While the turtles used to be hunted as a food source by inhabitants, a recent increase in poaching has been seriously threatening the population. In April 2001, local residents and the Costa Rican Coast Guard initiated ASTOP. Prior to the formation of ASTOP, 98% of the green turtles were killed for their meat and 98% of all three species of turtles' nests were poached on Parismina beach. Since the project started, poaching has decreased to 38%. In addition to saving 10,000 neonates annually, ASTOP economically supports approximately one-third of the village.

== Sea turtles ==
Four species of sea turtles nest on the beaches at Parismina, each during its own season. Several of these are hovering on the brink of extinction, particularly the leatherback sea turtle. While it is mostly leatherbacks and green sea turtles who nest in the black sand dunes of the beaches near Parismina; hawksbill turtles are occasionally found and loggerheads have been reported, but are rarely seen.
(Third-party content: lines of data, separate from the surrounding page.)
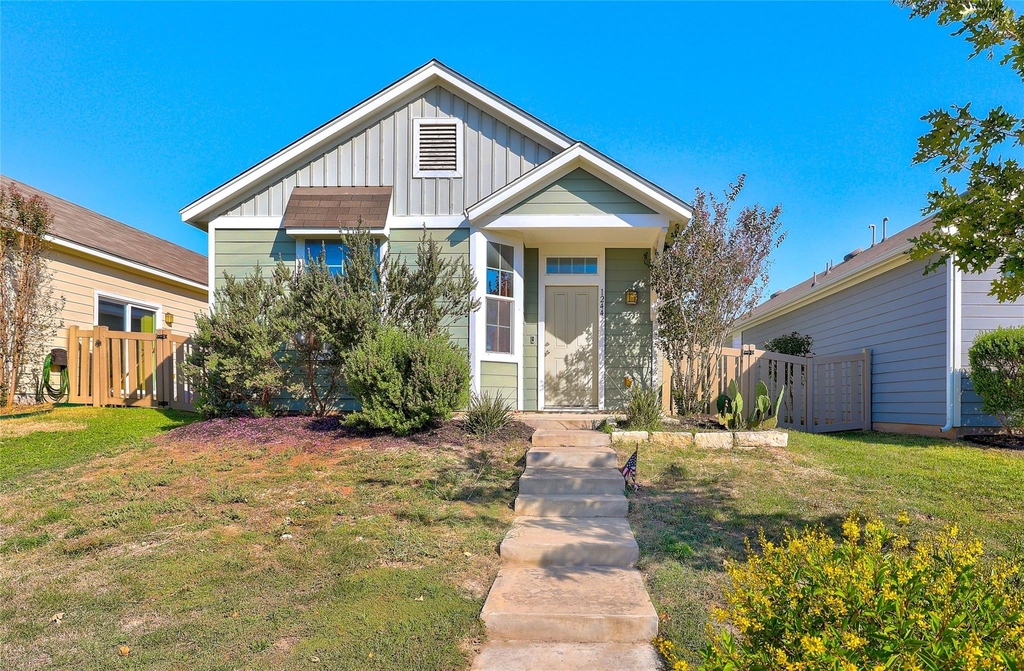 1244 Nevarez Dr - Photo 4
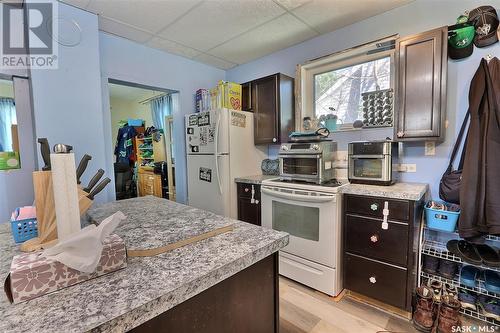 431 9Th Street E, Prince Albert, SK - Indoor Photo Showing Kitchen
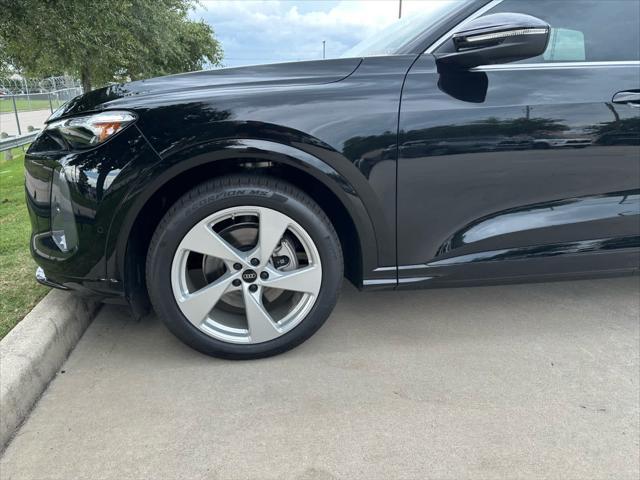 Photo of 2025 MYTHOS BLACK Audi Q5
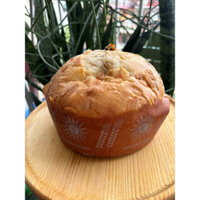 Bánh Sourdough Panetone Nho mứt trái cây
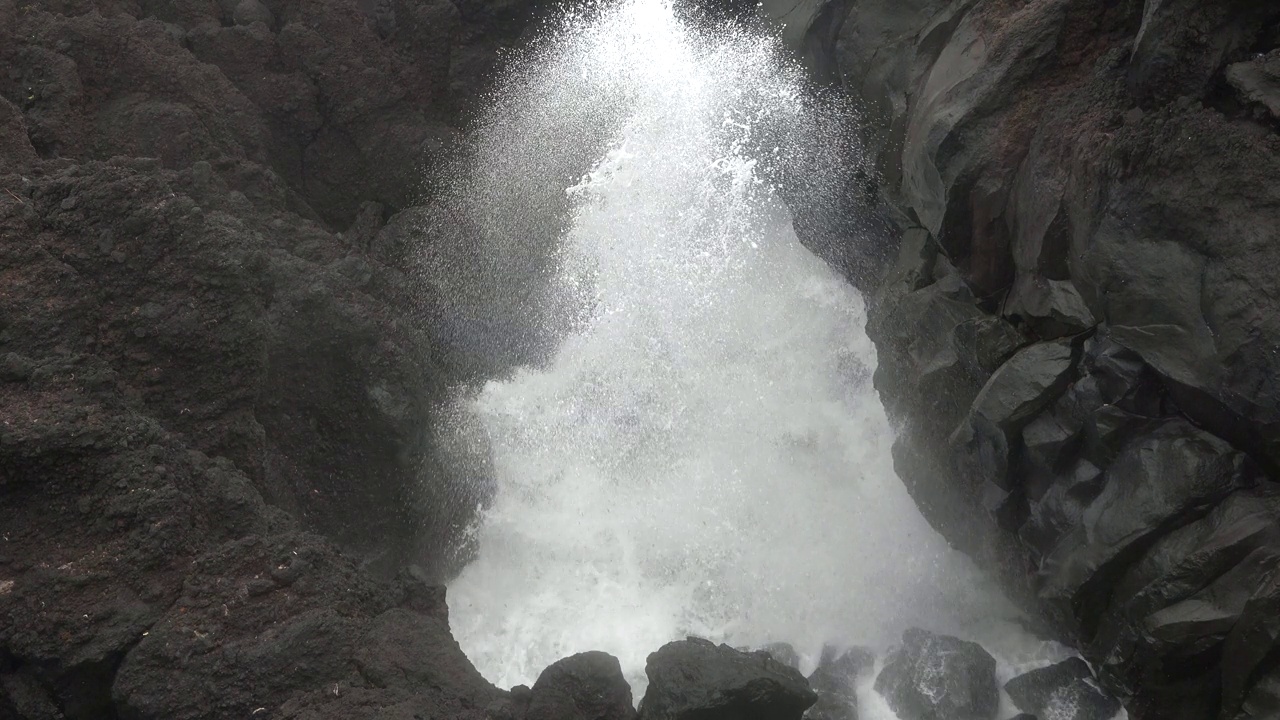 大西洋的巨浪。大西洋的波浪和岩石。美丽的海景。大西洋蔚蓝的大海和巨浪冲击着岩石悬崖，溅起水花。视频素材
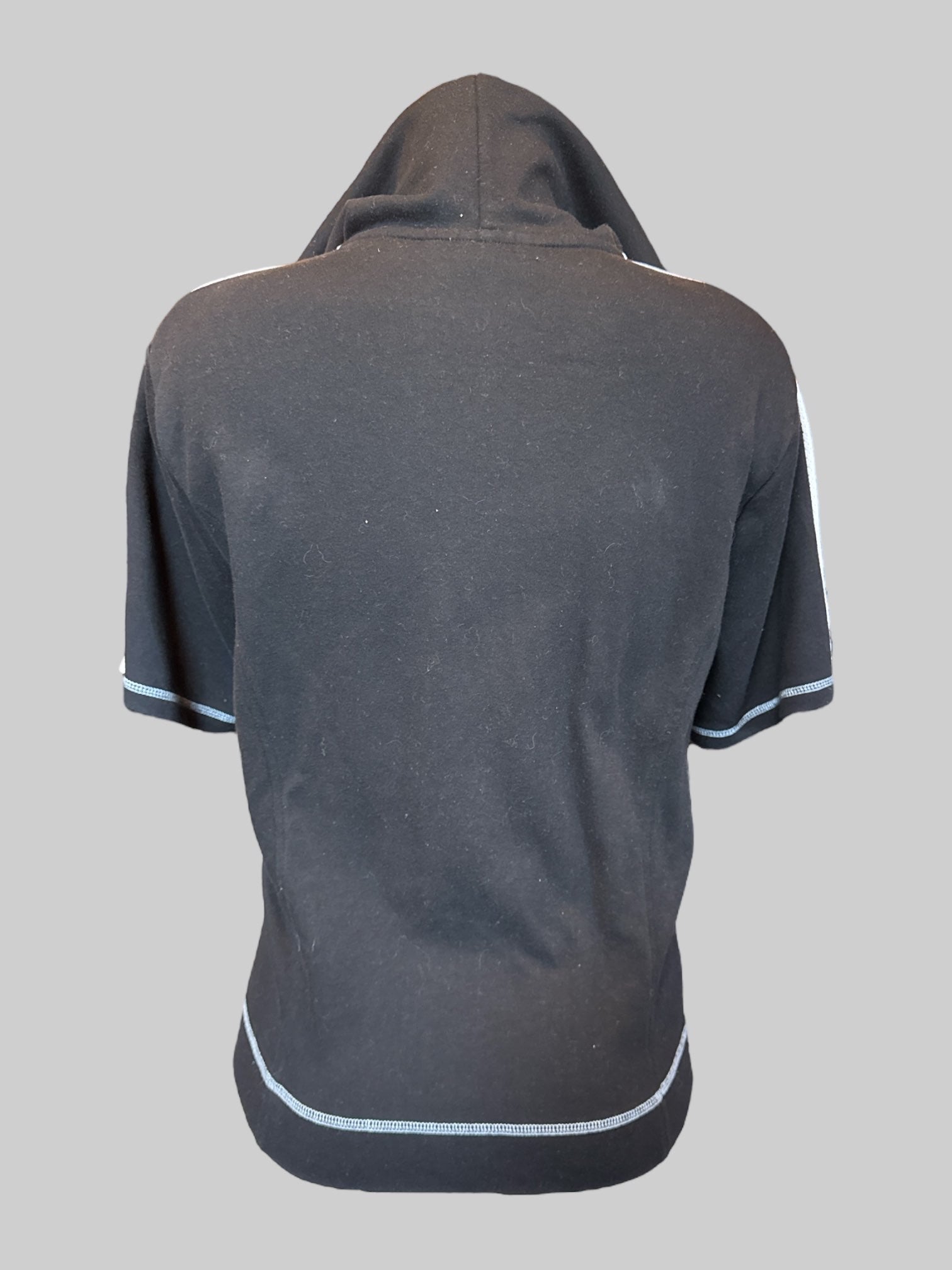 2X Black and white short sleeve zip up hoodie with zipper pockets and white mesh details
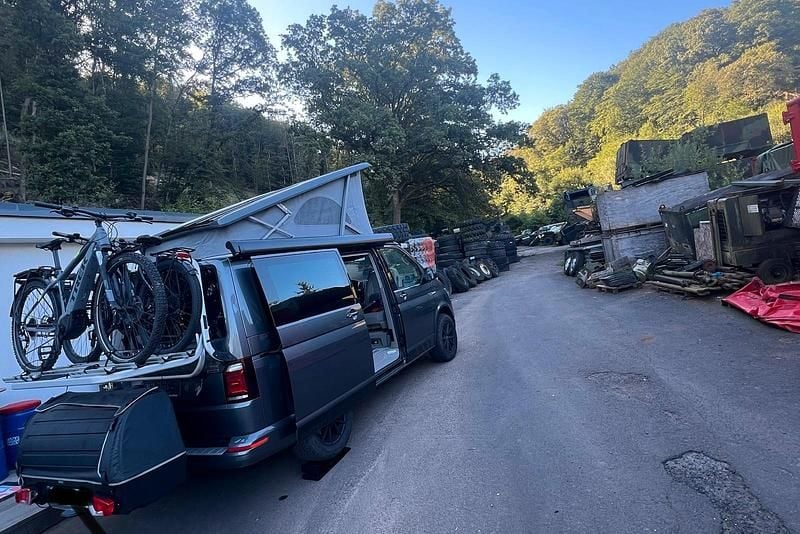 Gebraucht VW California Beach 204 PS (150 kW) 2017 Grau Van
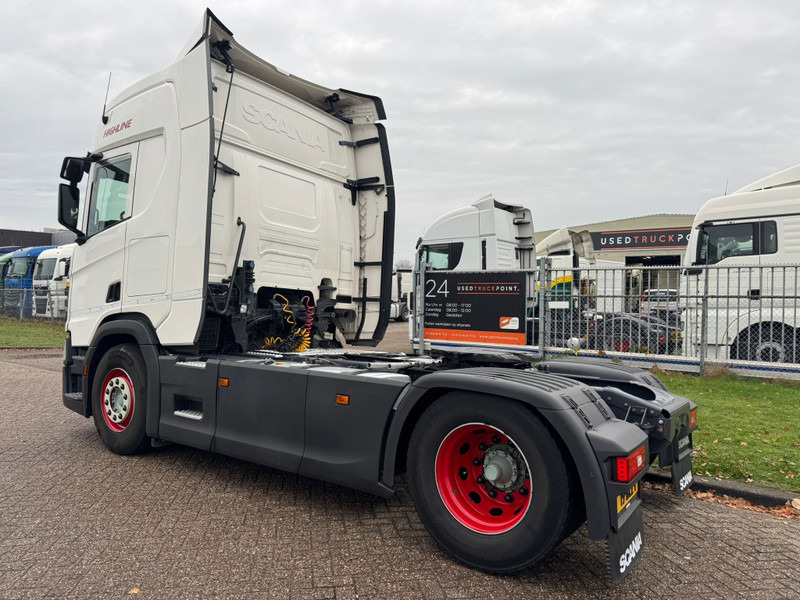 Scania R410 / Retarder / Night Klima / 2 Tanks / Full Air / TUV: 3-2026 / NL Truck - Trekker: afbeelding 2 Scania R410 / Retarder / Night Klima / 2 Tanks / Full Air / TUV: 3-2026 / NL Truck - Trekker: afbeelding 2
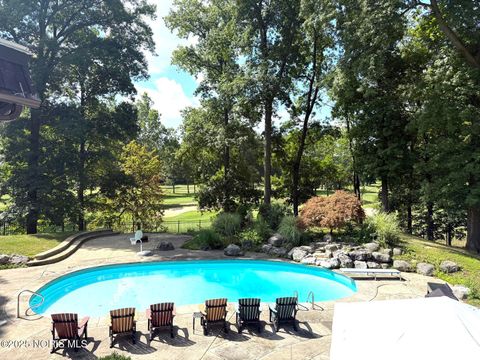 Tiny photo for 6649 Mill Ridge Road, Maumee, OH 43537 (MLS # 10000550)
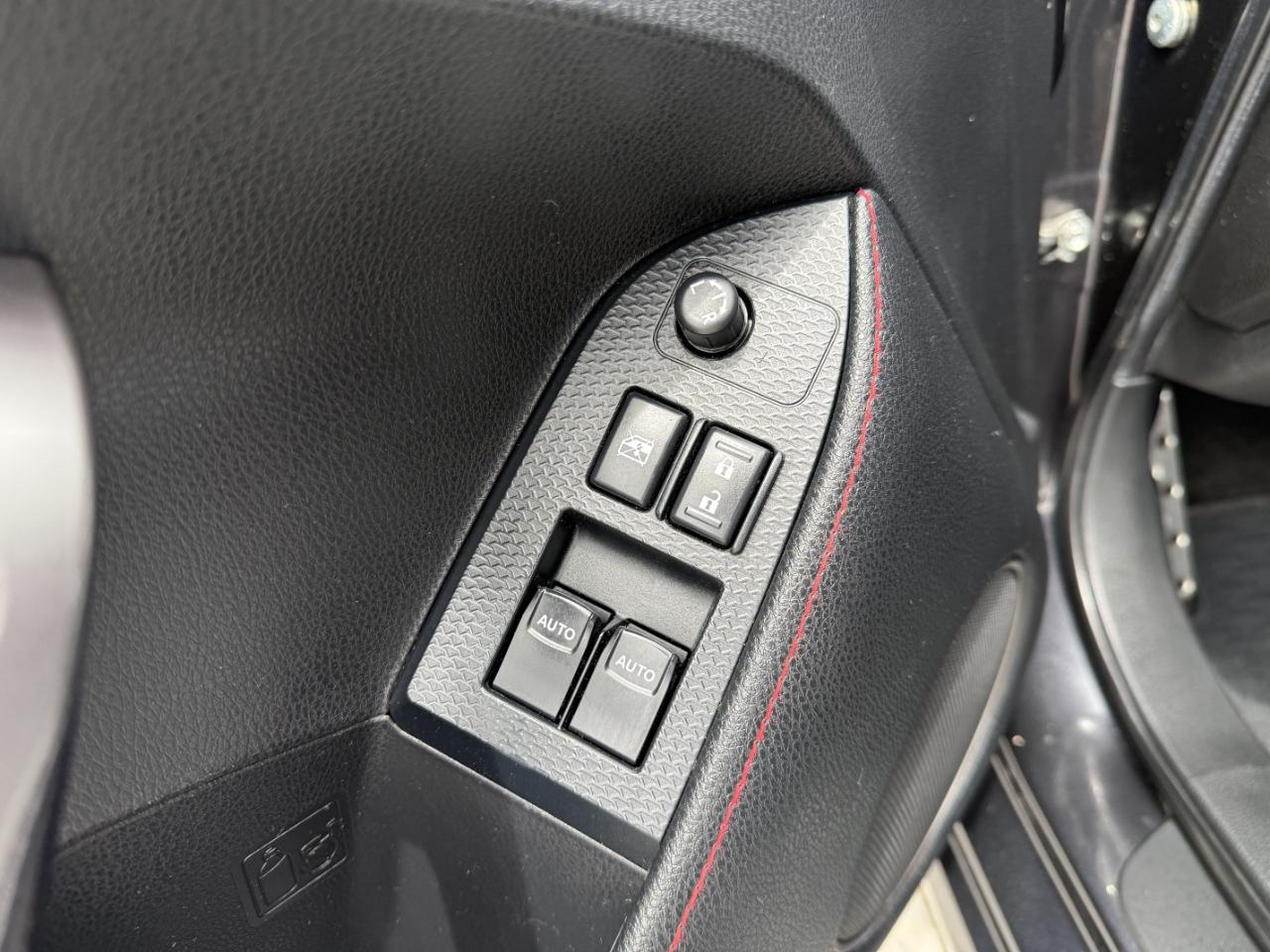 Scion FR-S 2dr Cpe Man (Natl) 2015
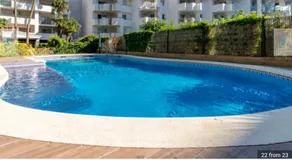 Spacious apartment in Roses, 60 m², shared pool - Image 3
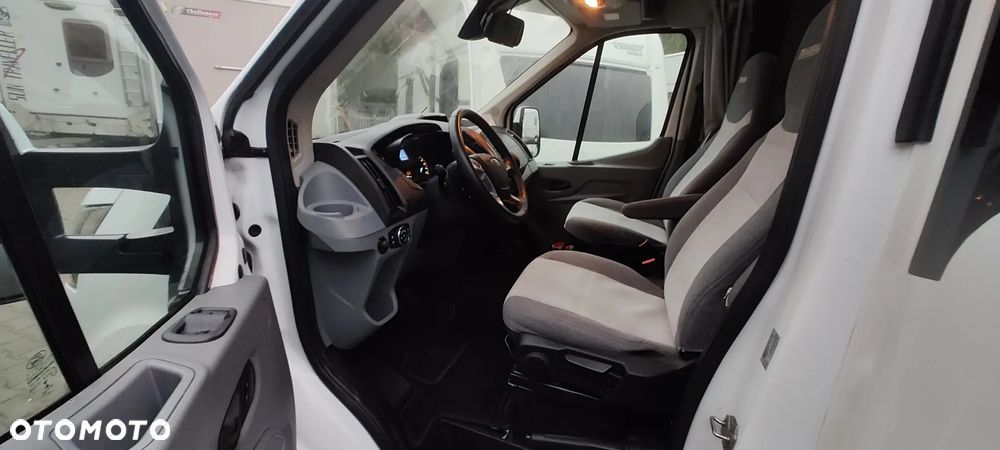 Ford Chausson 640 - 8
Because of their nutritional value and their supposedly aphrodisiac properties, it is mostly the sea turtles eggs that the poachers seek. However the green sea turtle is also hunted for her meat and shell, with which tortoiseshell objects can be crafted.

== Conservation ==
The core of the work done by the association is done at night during patrols, when team of volunteers and guides walk the 6 km beach. Upon encountering a nesting turtle, the team guards the surroundings to collect her eggs and fend off poachers. The eggs are then brought back to a guarded hatchery, where they undergo their normal development cycle. After hatching, the newborns are collected and released at different locations along the beach during a patrol similar to that which collected them several weeks before.